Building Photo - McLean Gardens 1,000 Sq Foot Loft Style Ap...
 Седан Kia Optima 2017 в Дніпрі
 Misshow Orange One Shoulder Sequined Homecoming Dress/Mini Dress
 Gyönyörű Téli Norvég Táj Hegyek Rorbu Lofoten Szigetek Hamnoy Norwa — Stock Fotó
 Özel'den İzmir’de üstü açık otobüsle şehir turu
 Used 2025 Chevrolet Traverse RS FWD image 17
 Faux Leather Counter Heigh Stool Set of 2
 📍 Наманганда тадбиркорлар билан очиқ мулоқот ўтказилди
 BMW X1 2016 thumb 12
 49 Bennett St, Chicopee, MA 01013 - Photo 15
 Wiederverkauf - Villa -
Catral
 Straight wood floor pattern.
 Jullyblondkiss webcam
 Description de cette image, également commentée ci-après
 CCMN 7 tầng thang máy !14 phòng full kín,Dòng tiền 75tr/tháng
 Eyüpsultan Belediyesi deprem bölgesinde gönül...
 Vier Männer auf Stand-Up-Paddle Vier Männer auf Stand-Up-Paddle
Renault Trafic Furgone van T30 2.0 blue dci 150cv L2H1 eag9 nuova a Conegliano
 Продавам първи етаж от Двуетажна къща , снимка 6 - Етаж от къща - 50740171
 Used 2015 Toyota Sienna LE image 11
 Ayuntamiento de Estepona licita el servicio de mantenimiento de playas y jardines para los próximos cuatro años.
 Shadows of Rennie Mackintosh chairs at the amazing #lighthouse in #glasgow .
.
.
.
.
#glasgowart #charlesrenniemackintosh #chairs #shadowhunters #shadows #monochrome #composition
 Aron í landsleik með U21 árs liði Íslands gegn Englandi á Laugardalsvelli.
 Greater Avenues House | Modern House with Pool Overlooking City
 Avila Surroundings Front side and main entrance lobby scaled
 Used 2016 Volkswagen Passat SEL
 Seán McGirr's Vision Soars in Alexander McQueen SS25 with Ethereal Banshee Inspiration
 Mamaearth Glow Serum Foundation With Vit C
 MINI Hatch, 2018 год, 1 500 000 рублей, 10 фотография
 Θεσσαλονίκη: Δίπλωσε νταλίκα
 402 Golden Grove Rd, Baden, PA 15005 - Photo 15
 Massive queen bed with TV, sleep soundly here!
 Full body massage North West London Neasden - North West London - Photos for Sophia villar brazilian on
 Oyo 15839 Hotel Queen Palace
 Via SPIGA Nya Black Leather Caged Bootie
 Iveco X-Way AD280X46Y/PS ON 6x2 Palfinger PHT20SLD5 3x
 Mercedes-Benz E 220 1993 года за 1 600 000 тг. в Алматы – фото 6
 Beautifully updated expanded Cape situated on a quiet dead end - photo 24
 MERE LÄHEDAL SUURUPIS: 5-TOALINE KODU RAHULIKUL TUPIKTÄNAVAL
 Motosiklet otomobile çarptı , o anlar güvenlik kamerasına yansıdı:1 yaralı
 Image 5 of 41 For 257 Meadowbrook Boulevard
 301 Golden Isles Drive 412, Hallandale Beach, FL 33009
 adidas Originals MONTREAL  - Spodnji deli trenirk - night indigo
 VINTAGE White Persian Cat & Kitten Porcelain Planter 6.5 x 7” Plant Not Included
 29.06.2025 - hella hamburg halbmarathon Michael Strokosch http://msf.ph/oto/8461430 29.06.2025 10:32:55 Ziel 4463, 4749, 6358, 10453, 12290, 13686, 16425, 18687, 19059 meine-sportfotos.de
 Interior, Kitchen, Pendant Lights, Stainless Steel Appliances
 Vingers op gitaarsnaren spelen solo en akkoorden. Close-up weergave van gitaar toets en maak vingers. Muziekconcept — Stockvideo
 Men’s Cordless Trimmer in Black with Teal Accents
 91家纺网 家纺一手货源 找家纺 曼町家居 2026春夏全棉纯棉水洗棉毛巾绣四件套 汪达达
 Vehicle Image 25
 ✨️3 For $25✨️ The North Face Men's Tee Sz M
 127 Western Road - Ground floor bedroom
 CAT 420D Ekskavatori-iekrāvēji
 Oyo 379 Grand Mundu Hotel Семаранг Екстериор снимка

◆ ◆ ◆ ◆

**What to work on**:
The lines above from the one with "Θεσσαλονίκη: Δίπλωσε νταλίκα" through the one with "Via SPIGA Nya Black Leather Caged Bootie" are to be duplicated exactly, ends included, with nothing added.

**Solution to this problem**:
 Θεσσαλονίκη: Δίπλωσε νταλίκα
 402 Golden Grove Rd, Baden, PA 15005 - Photo 15
 Massive queen bed with TV, sleep soundly here!
 Full body massage North West London Neasden - North West London - Photos for Sophia villar brazilian on
 Oyo 15839 Hotel Queen Palace
 Via SPIGA Nya Black Leather Caged Bootie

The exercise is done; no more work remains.